◆ **About this task**:
Output exactly, and only, the lines below from the one with "Цена за 5 шт." down to the one with "POCHETTE 15 FEUTRES". Include both end lines and no pictures.

◆ **Dataset**:
☆ ☆ ☆ ☆

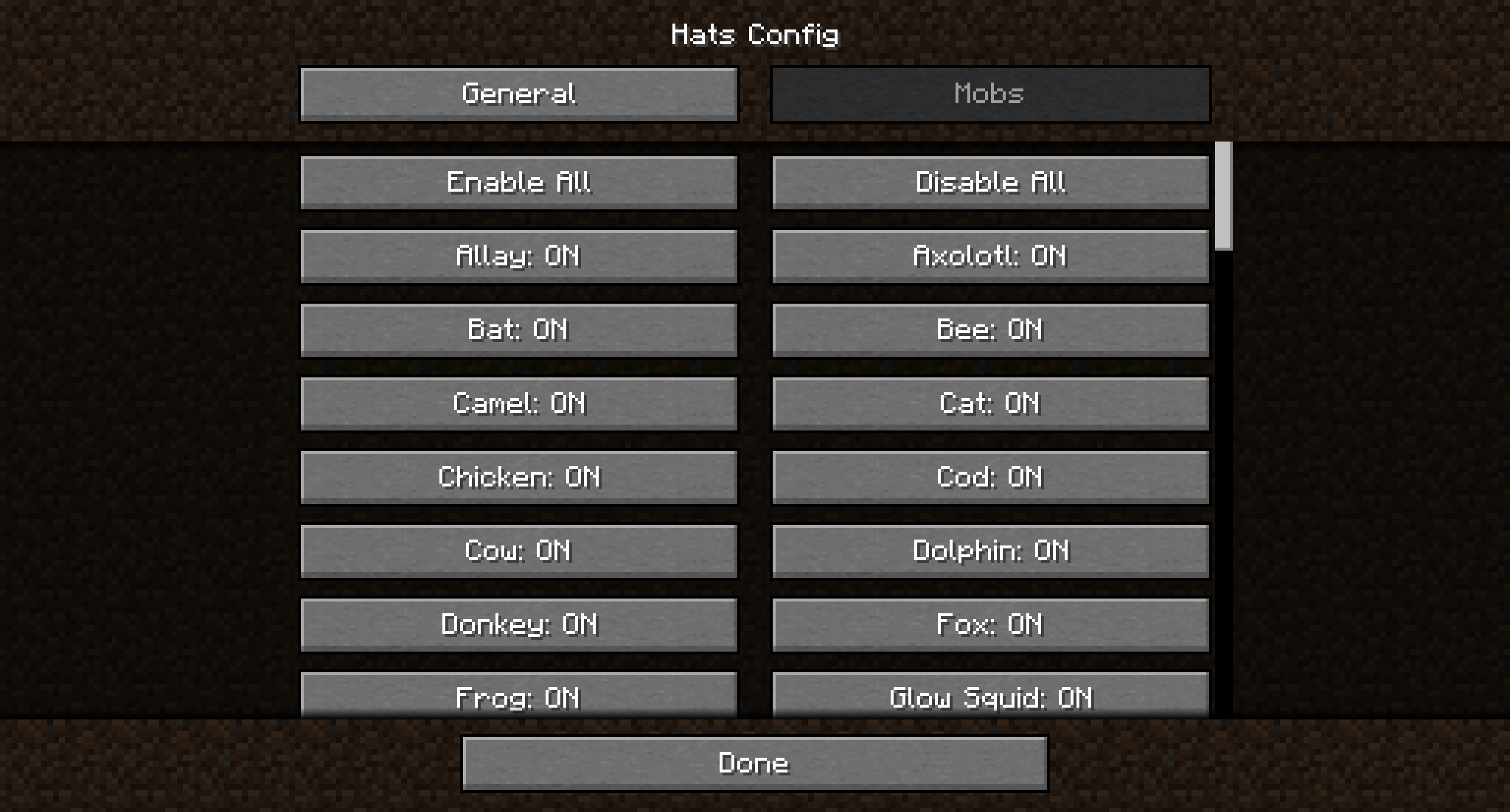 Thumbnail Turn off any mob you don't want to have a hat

☆ ☆ ☆ ☆

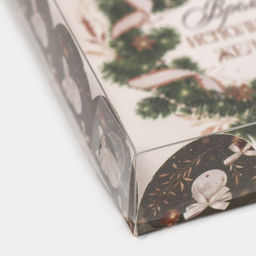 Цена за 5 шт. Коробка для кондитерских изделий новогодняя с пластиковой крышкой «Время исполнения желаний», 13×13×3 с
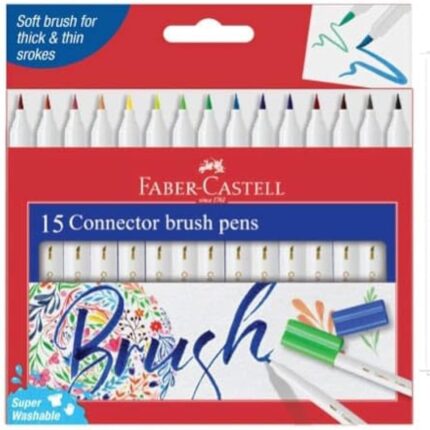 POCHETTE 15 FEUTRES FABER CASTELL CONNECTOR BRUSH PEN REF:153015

☆ ☆ ☆ ☆

◆ **Finished task**:
 Цена за 5 шт. Коробка для кондитерских изделий новогодняя с пластиковой крышкой «Время исполнения желаний», 13×13×3 с
 POCHETTE 15 FEUTRES FABER CASTELL CONNECTOR BRUSH PEN REF:153015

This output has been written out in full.